In most other circumstances, if the king gives you his attention, a guard should bow low. If he does not give you his attention, you should blend into the wall and be invisible. Guards aren’t meant to be noticed by royalty or nobility.
A similarly low bow is appropriate if you are approached by Prince Cor or Corin.
Lords, Ladies and Knights
For a lord, lady, or knight, a guard should usually bow when addressed. Otherwise, again, stand quietly.
If a knight is friendly with a guard, such as Sir Darrin seems to be with certain guardsmen, a nod may suffice if the guard is addressed, particularly in private.

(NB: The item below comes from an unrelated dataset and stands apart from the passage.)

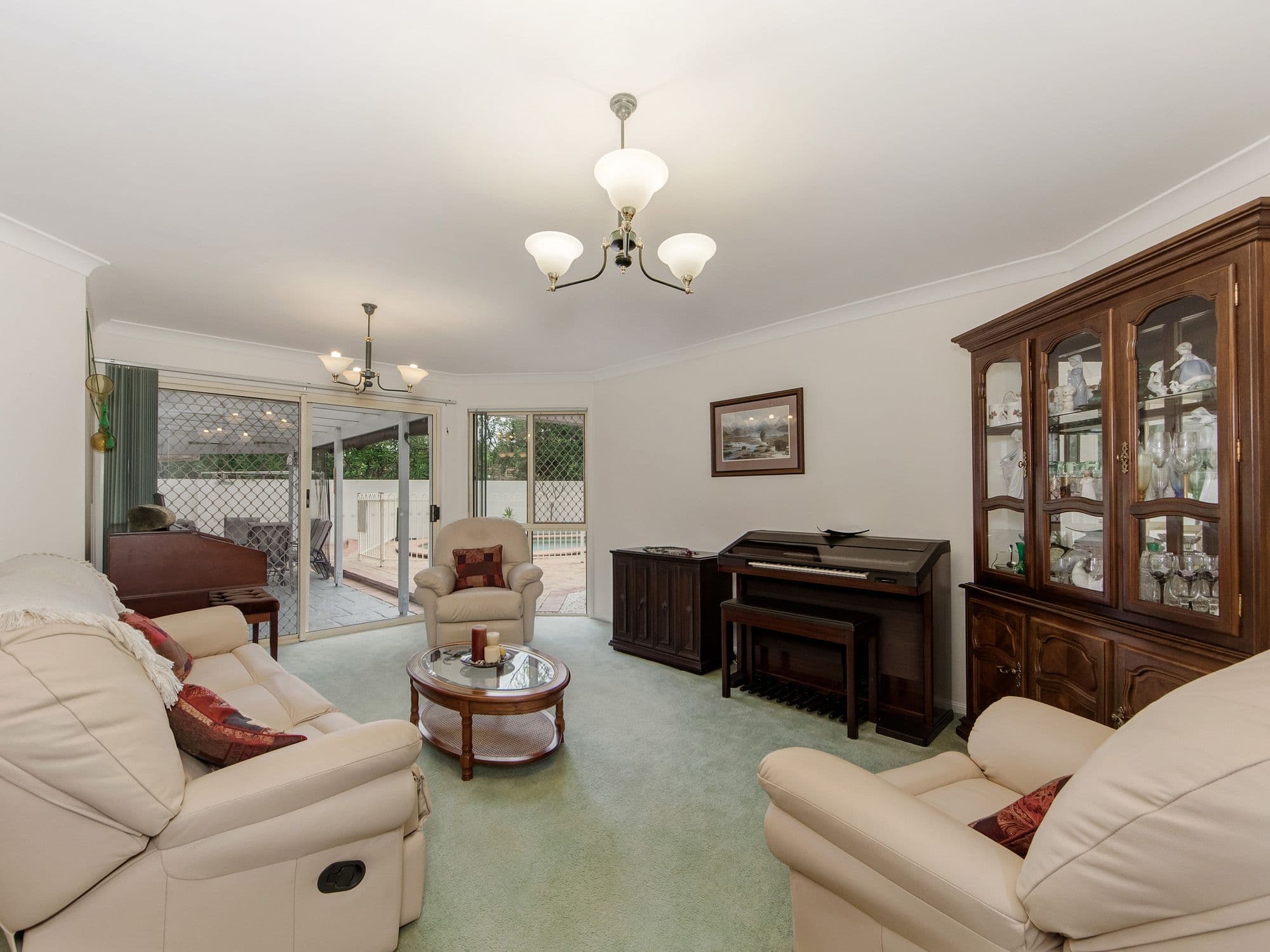 6 Oyster Cove Promenade, Helensvale QLD 4212, Helensvale - Thumbnail 4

A guard should bow low when addressed, otherwise blend into the wall as usual. (This would be the courtesy shown Edmund or Lucy or, alas, Prince Roshan.)
The Bubble Principle
When you are in a large, open area, such as the Outer Ward of Anvard, it is not always necessary to bow to a noble in the ward, unless they are near you or address someone in your group. The same is true of King Lune, but his “bubble” is larger, and it is also polite to cease your own conversations when he enters an area. (Paraphrased from Antheia)
Most of these forms of courtesy would apply to any commoner being addressed by nobility or royalty.
A woman who is wearing a dress will offer a curtsey rather than a bow to the nobility, or curtsey deeply to royalty. A female guard in uniform would offer a bow.
When not in uniform, a guard should react as any other commoner, rising from his seat when nobility or royalty enters a room, and bowing.